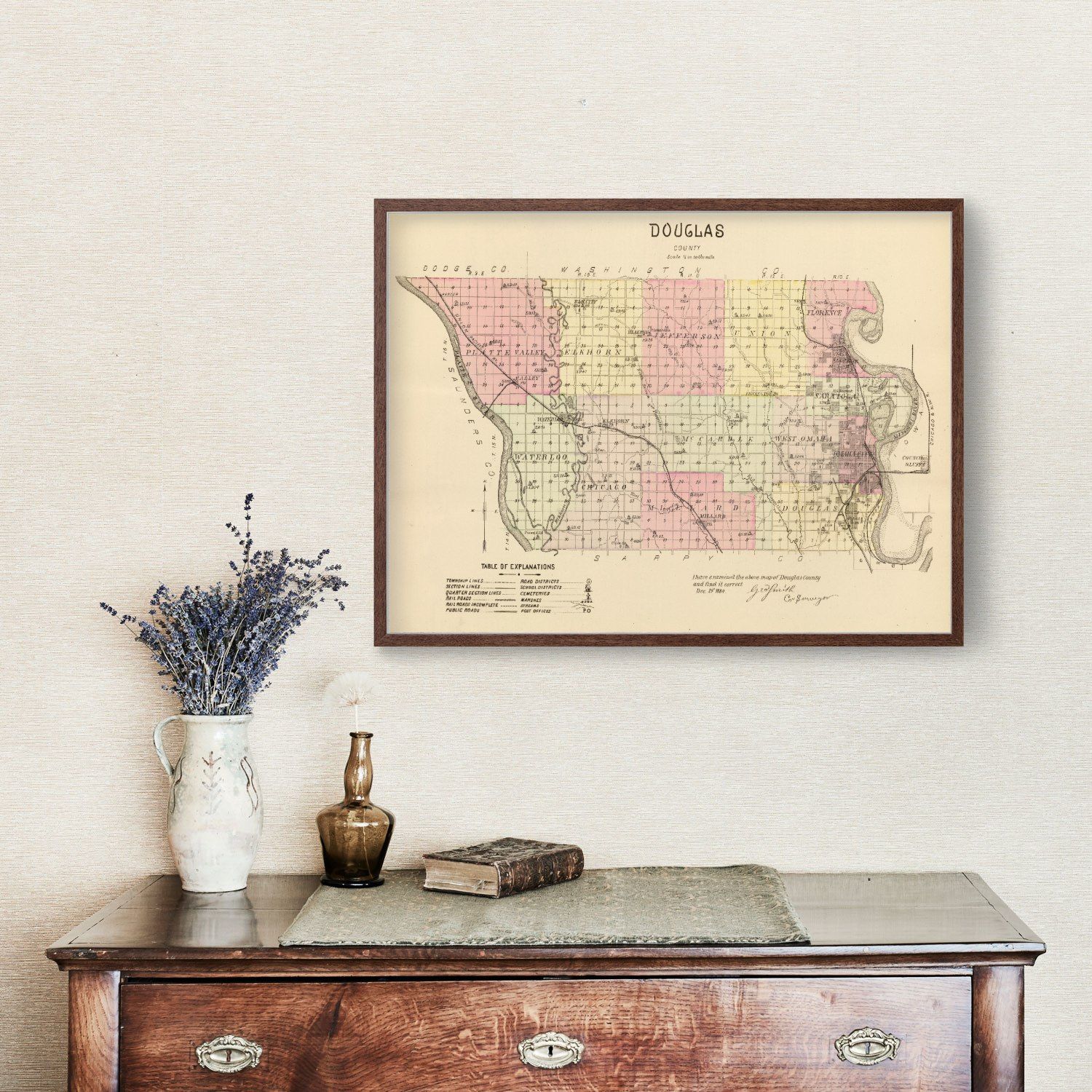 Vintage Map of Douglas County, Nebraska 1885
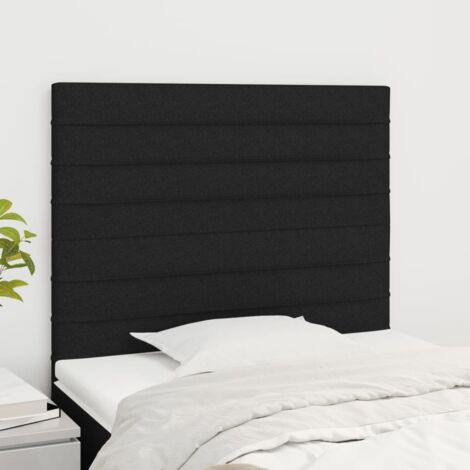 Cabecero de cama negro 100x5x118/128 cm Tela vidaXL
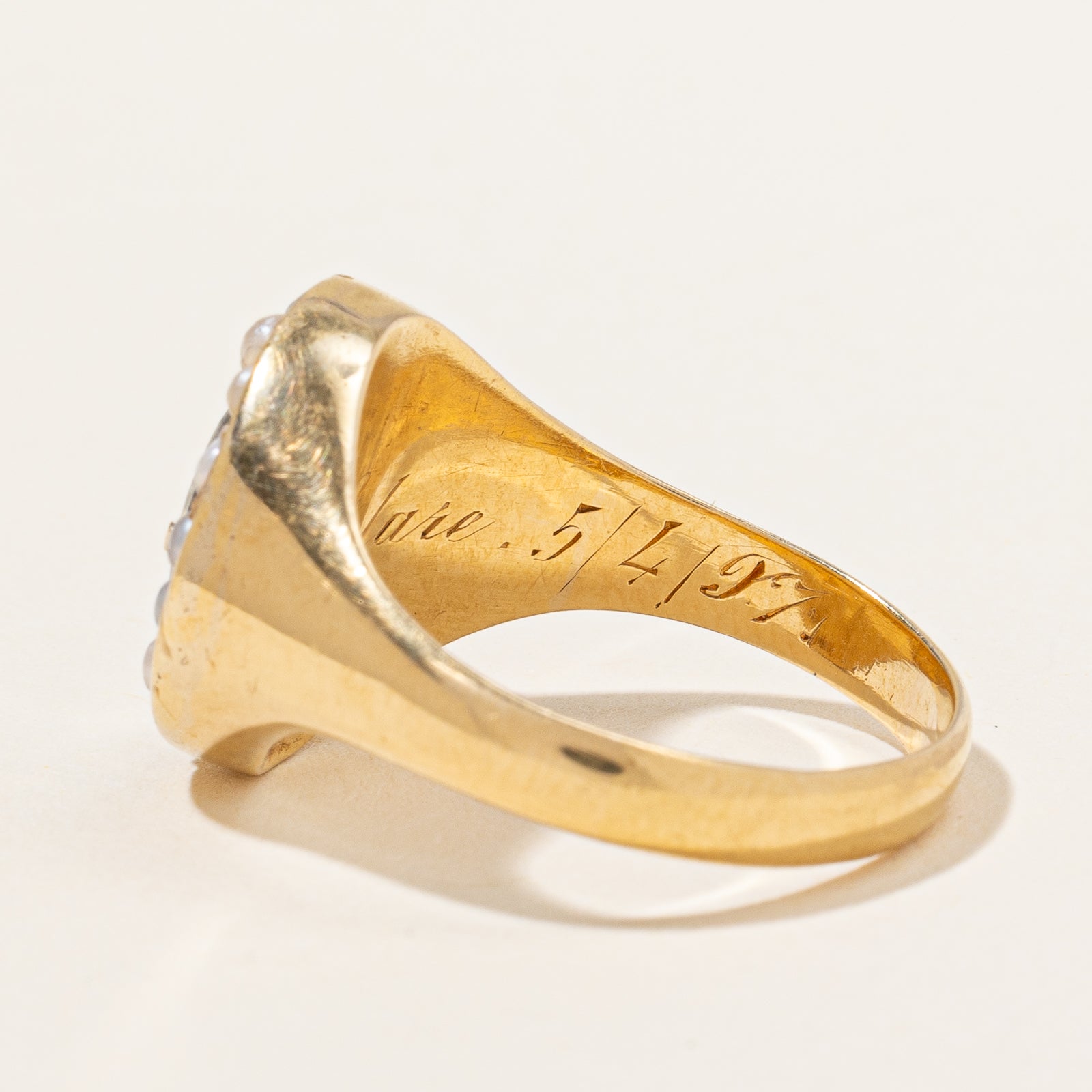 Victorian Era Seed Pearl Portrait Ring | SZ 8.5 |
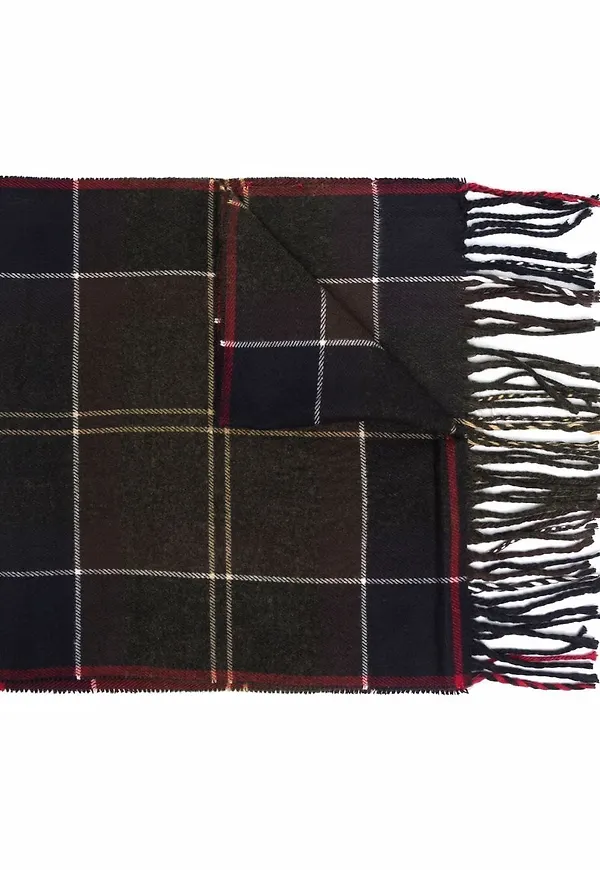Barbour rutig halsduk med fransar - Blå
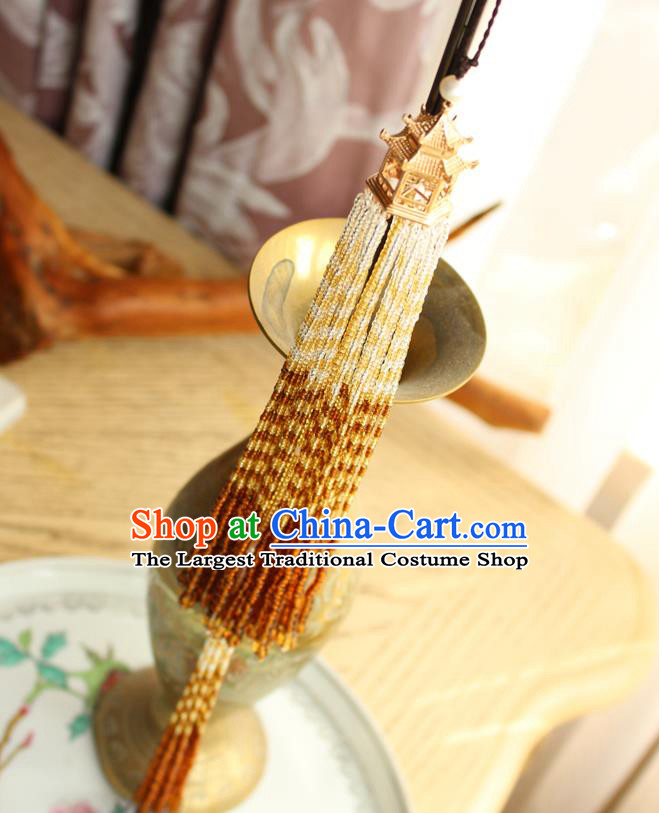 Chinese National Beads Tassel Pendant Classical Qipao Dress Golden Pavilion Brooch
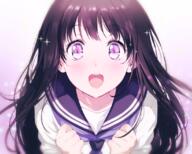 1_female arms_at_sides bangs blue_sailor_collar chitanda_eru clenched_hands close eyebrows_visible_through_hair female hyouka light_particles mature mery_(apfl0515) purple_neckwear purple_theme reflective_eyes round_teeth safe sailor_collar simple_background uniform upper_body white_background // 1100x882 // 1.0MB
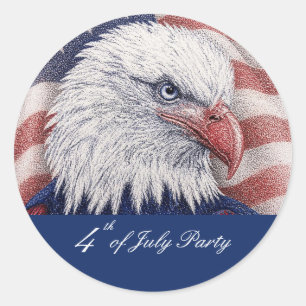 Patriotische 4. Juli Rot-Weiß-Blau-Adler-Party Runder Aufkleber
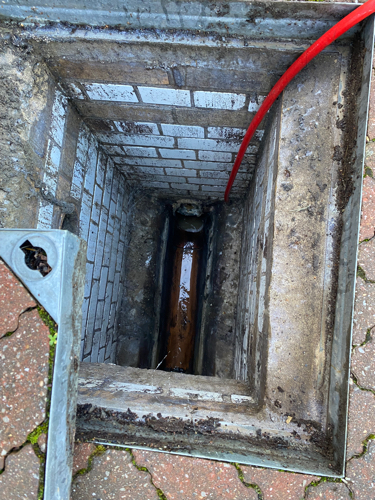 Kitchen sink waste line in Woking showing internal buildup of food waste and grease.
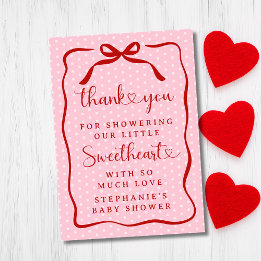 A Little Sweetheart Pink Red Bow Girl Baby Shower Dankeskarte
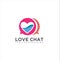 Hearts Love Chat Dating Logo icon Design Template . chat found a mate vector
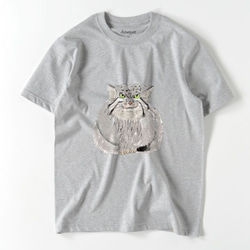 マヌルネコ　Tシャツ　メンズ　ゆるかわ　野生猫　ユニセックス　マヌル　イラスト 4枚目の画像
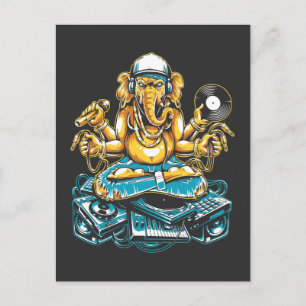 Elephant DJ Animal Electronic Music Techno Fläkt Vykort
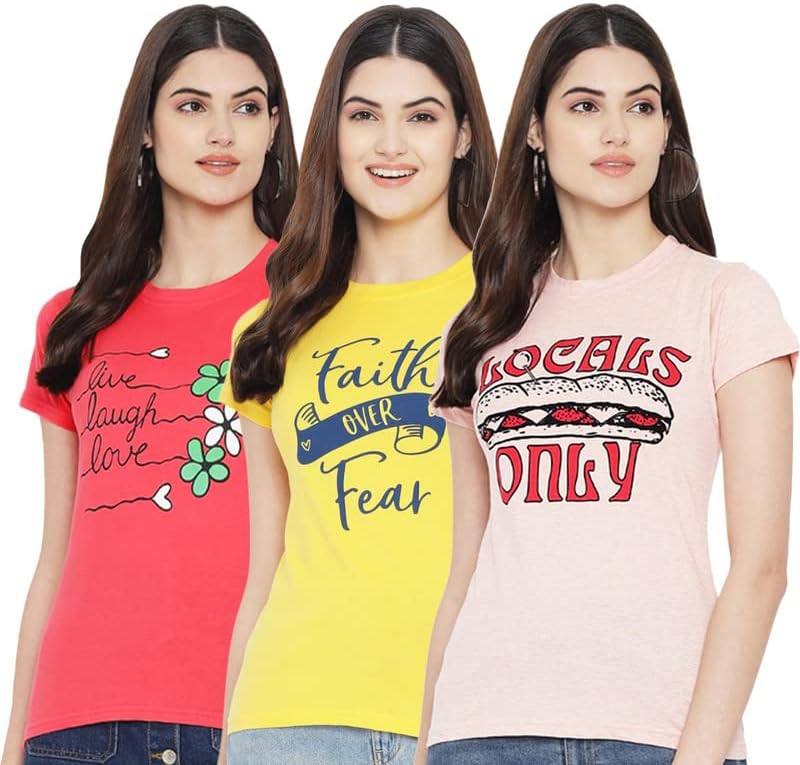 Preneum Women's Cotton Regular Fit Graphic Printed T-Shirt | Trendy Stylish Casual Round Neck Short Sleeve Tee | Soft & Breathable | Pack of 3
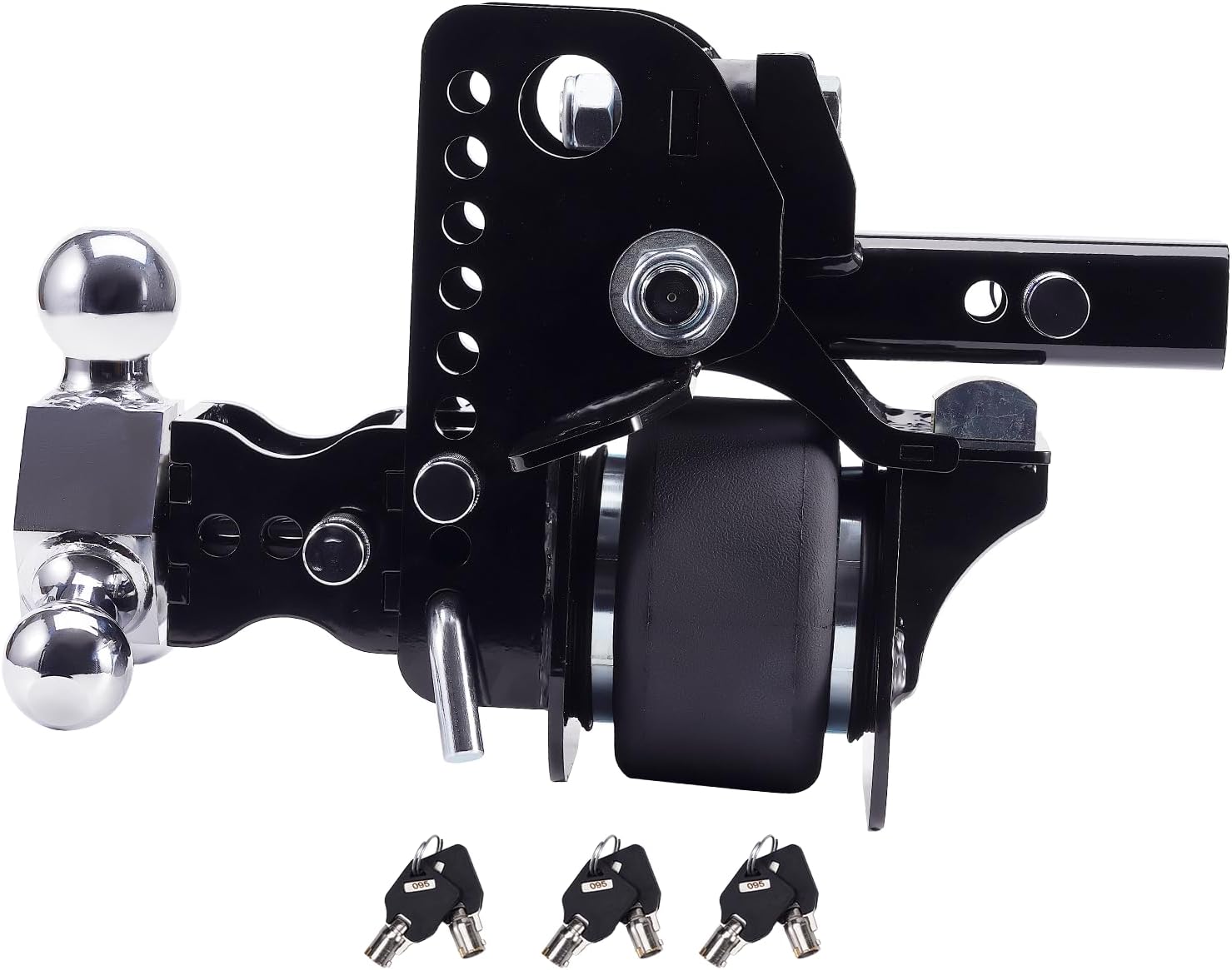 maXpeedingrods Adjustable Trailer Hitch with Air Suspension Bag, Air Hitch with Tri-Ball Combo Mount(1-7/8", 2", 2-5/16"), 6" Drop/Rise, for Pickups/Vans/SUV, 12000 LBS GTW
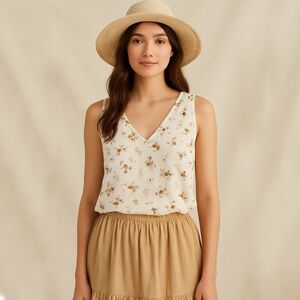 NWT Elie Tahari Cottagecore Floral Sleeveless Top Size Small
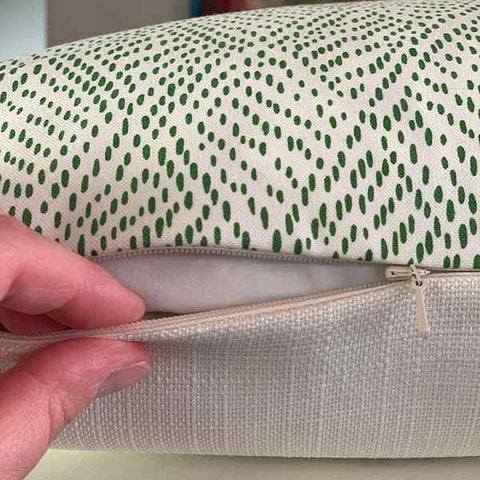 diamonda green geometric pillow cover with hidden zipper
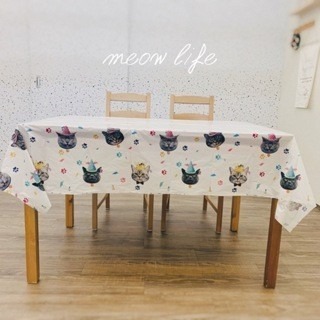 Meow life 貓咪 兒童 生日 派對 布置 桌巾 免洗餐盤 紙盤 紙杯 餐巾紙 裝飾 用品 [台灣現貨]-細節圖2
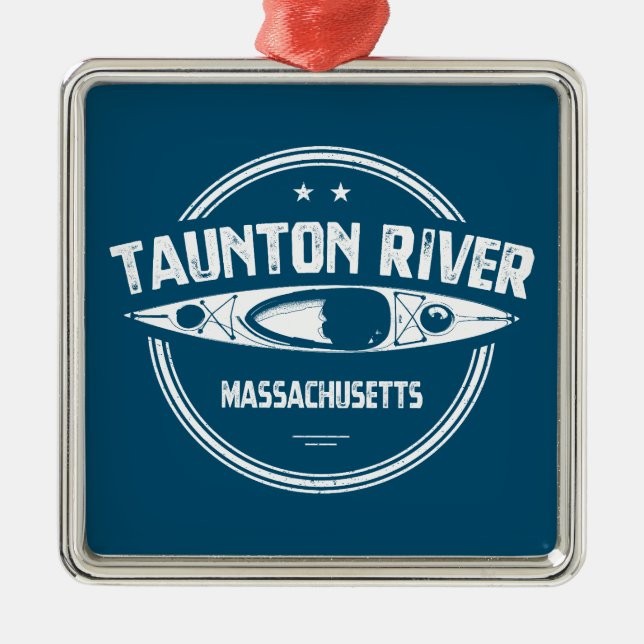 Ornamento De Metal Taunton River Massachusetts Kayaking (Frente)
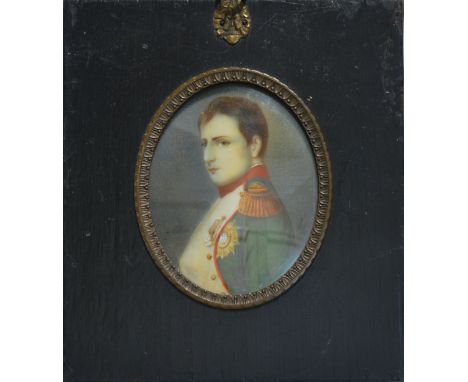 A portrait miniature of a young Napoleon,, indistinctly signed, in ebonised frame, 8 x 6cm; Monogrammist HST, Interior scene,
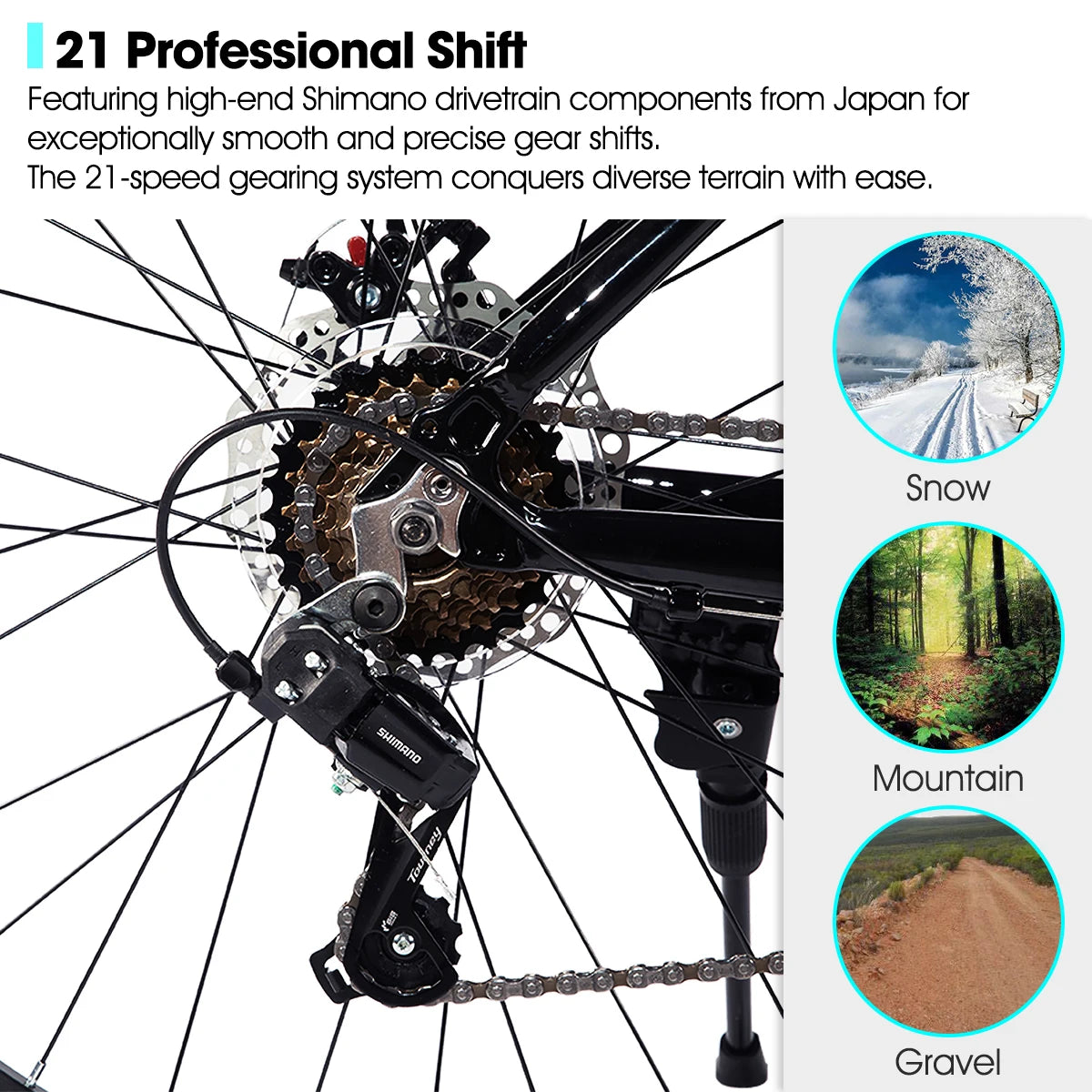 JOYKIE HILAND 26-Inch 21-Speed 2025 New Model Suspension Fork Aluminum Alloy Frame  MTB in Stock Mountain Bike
::::::::
> [What is expected] Set the lines down exactly as they stand, from the one containing "A Little Sweetheart" through the end of the listing, omitting every picture.

> [Written response]
 A Little Sweetheart Pink Red Bow Girl Baby Shower Dankeskarte
 Hearts Love Chat Dating Logo icon Design Template . chat found a mate vector
 マヌルネコ　Tシャツ　メンズ　ゆるかわ　野生猫　ユニセックス　マヌル　イラスト 4枚目の画像
 Elephant DJ Animal Electronic Music Techno Fläkt Vykort
 Preneum Women's Cotton Regular Fit Graphic Printed T-Shirt | Trendy Stylish Casual Round Neck Short Sleeve Tee | Soft & Breathable | Pack of 3
 maXpeedingrods Adjustable Trailer Hitch with Air Suspension Bag, Air Hitch with Tri-Ball Combo Mount(1-7/8", 2", 2-5/16"), 6" Drop/Rise, for Pickups/Vans/SUV, 12000 LBS GTW
 NWT Elie Tahari Cottagecore Floral Sleeveless Top Size Small
 diamonda green geometric pillow cover with hidden zipper
 Meow life 貓咪 兒童 生日 派對 布置 桌巾 免洗餐盤 紙盤 紙杯 餐巾紙 裝飾 用品 [台灣現貨]-細節圖2
 Ornamento De Metal Taunton River Massachusetts Kayaking (Frente)
 A portrait miniature of a young Napoleon,, indistinctly signed, in ebonised frame, 8 x 6cm; Monogrammist HST, Interior scene,
 JOYKIE HILAND 26-Inch 21-Speed 2025 New Model Suspension Fork Aluminum Alloy Frame  MTB in Stock Mountain Bike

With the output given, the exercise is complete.